● Data under study
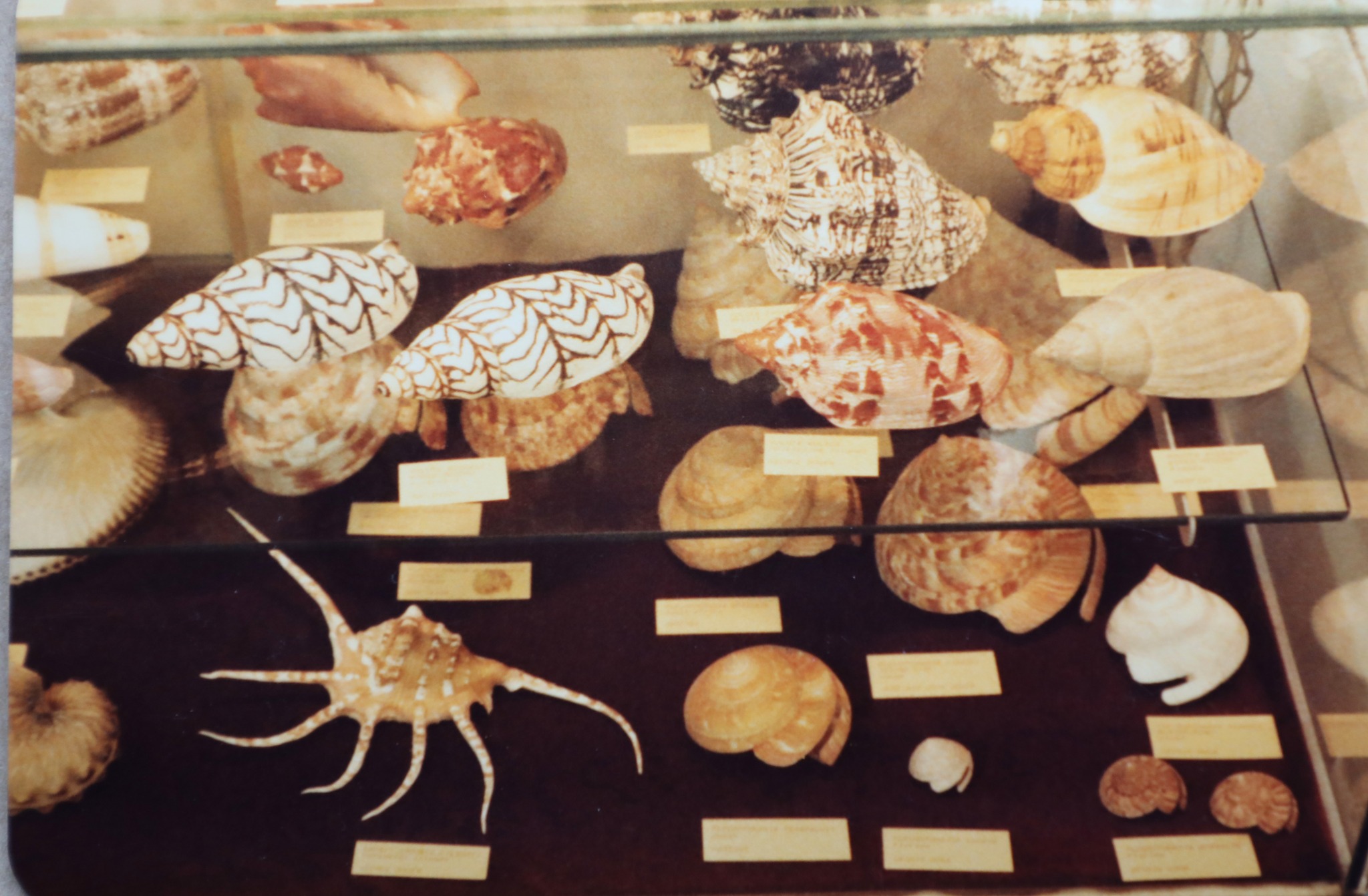 Burr Shells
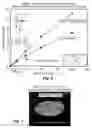 Fig. 04 - Elliptic C4 with optimal orientation for enhanced reliability in electronic packages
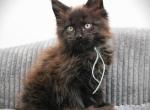 Black male - Maine Coon Kitten For Sale - Cedar Grove&comma; TN&comma; US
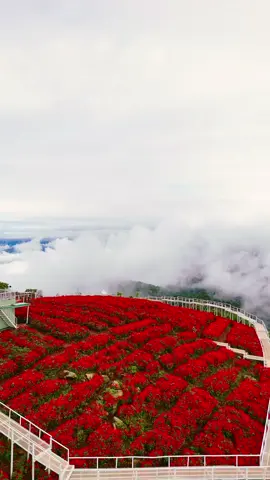 สวนดอกไม้ที่โอบกอดไปด้วยสายหมอก 🌫️🌸#ยิ่งยงสวนดอกไม้ #yingyongflowergarden #ม่อนแจ่ม #เชียงใหม่ #สวนดอกไม้ #ม่อนแจ่มเชียงใหม่ #ดอกไม้ #แสงเช้า #แสงเย็น🌅🎶😊 #ไทยแลนด์ #thailand🇹🇭 #chiangmai #สวนดอกไม้บนดอย #ดอยม่อนแจ่ม #ดอย 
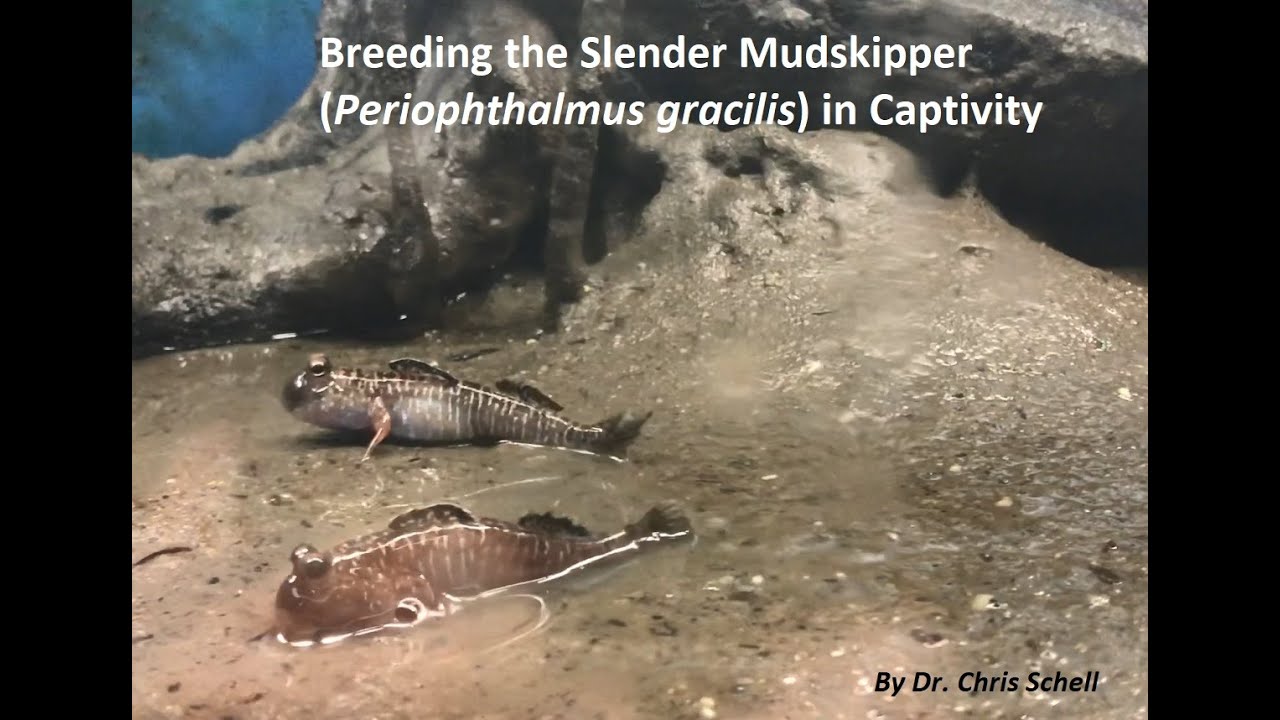 Breeding Mudskippers in Captivity
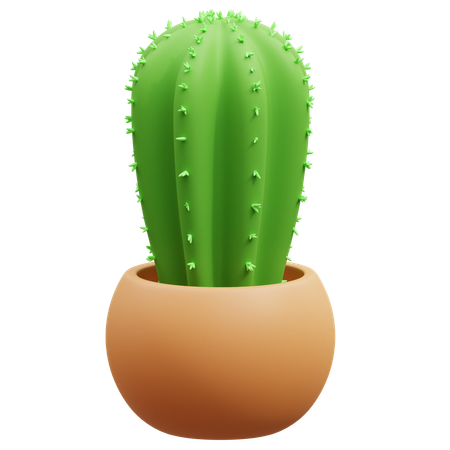 Maceta de cactus  3D Icon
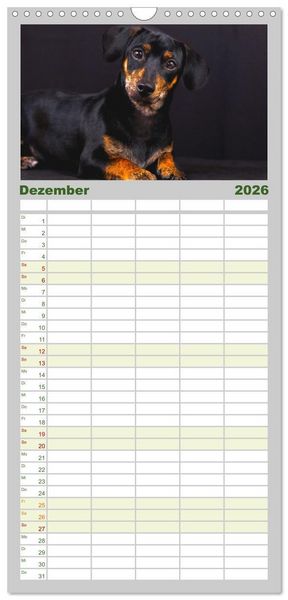Produktbild: Familienplaner 2026 - Dackelblicke - Lassen Herzen erw&auml;rmen. mit 5 Spalten (Wandkalender, 21 x 45 cm) CALVENDO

● Task to complete
An exact transcript is required, covering the lines from the one containing "Maceta de cactus" through the end of the listing above, inclusive, without pictures.

● Solution for this problem
 Maceta de cactus  3D Icon
Produktbild: Familienplaner 2026 - Dackelblicke - Lassen Herzen erw&auml;rmen. mit 5 Spalten (Wandkalender, 21 x 45 cm) CALVENDO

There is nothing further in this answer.